Pour ne citer que les personnages réels de sa bibliographie, revisités par son imaginaire, il va sans dire, on trouve Ryokan (Nuage et eau, Luce Wilquin), Lady Jane Grey (Si près de l’aurore, Luce Wilquin), Thomas More (essai-variations, M.E.O) ou bien Mariyn Monroe (Norma roman, Luce Wilquin). En termes d’époque, on peut dire que l’action du présent livre prend peu ou prou le relais de celle de Norma Jean Baker (même si, dans le Norma roman de Charneux, on rappellera que sa Marilyn ne meurt pas à la date officielle de son décès).

L’action de ce nouveau roman se passe à Coos Bay, une ville en Oregon où vit le narrateur, Pete Miller, un ami d’enfance de Steve Prefontaine avec lequel il a très tôt partagé son goût et la pratique de la course à pied. Pete a 68 ans, il est veuf, retraité et a abandonné la compétition vingt ans plus tôt sans avoir renoncé pour le plaisir et l’esprit d’équipe à la course à pied qui « doit rester la plus importante des choses secondaires ».

Après la disparition précoce de Prefontaine, Pete est devenu son mémorialiste, celui d’un grand sportif, mais à l’ancienne, un homme au grand cœur qui pratiquait la course comme un art, dans l’esprit olympique non encore fourvoyé, tout en poursuivant ses études universitaires.

Ce qu’on lit est le Journal qu’a tenu Pete sur une période de trois mois au début de l’année 2020 pour se rappeler le parcours de Prefontaine mais aussi les préparatifs, la constitution de l’équipe des douze relayeurs, plaisamment rassemblés sous l’appellation de « Les Tortues chics », de ce qu’il nomme « sa grande aventure de 2018 », à savoir une course relais, la plus grande du monde, qui participe par ailleurs de la lutte contre le cancer.

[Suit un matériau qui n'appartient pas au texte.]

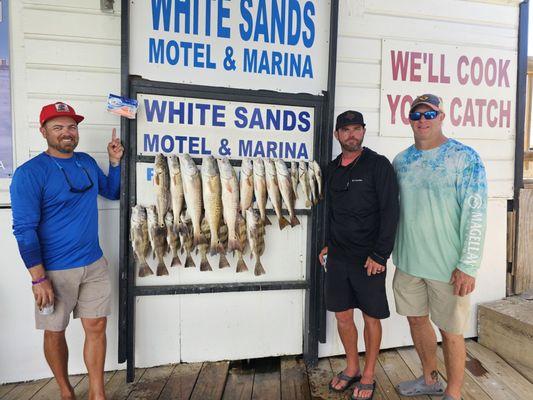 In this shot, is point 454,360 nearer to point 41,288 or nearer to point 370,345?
point 370,345

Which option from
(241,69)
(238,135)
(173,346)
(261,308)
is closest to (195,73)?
(241,69)

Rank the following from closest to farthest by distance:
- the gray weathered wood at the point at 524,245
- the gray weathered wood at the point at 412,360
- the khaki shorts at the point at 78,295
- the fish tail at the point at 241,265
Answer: the khaki shorts at the point at 78,295 → the fish tail at the point at 241,265 → the gray weathered wood at the point at 412,360 → the gray weathered wood at the point at 524,245

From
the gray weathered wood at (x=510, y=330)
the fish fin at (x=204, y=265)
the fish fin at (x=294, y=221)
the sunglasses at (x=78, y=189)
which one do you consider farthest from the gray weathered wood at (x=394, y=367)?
the sunglasses at (x=78, y=189)

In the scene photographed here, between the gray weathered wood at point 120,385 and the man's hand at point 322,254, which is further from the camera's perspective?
the man's hand at point 322,254

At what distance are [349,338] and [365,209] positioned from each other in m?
1.00

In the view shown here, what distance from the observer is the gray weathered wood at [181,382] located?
275cm

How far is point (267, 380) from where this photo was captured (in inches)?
117

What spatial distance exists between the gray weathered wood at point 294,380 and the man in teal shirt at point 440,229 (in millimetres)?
1005

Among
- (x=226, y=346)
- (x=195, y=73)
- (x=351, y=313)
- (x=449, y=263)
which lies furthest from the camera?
(x=226, y=346)

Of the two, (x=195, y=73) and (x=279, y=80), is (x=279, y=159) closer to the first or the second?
(x=279, y=80)

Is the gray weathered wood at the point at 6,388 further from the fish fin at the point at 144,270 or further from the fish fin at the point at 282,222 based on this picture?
the fish fin at the point at 282,222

« Quand je parle de Steve, j’ai l’impression qu’il suffit que j’ouvre un robinet pour que coulent les souvenirs. (…) Il me semble, à moi, que ces années où Steve et moi entrions dans notre adolescence voyaient déjà la fin d’une utopie. » Les deux amis sont de jeunes ados en 1962 ; ils connaîtront les bouleversements politiques qui secoueront les Etats-Unis des Sixties de la Guerre froide. Et au début de la décennie suivante, Steve Prefontaine sera présent en 1972 dans le village olympique à Munich lors de la sanglante prise d’otages par le groupe terroriste Septembre noir avant, quelques jours plus tard, de terminer quatrième sur le 5000 mètres masculin.

Pour l’anecdote mais pas que, Steve Prefontaine, a participé au début des années 70 au développement de la marque Nike, par l’entremise de son coach, qui en est un des fondateurs. Car Charneux dépeint cette époque charnière où le sport, bientôt cannibalisé par le capitalisme, va perdre son âme et devenir une valeur marchande, jusqu’au jogging, lancé comme une marque de loisirs et sur une méprise, qu’on a un peu vendu comme la forme populaire de la course à pied. Steve, puis Pete à sa suite, à leur manière luttent contre cette emprise commerciale en préservant par tous les moyens la noblesse de l’engagement sportif.

Un beau livre sur l’amitié qui pose, sous un angle singulier, des questions pertinentes sur le sport mais aussi l’approche de la vieillesse, sur le monde aussi, comme et où il va depuis les années 60, pour proposer des façons de résister à son inhumanité en défendant quelques valeurs éthiques fondamentales.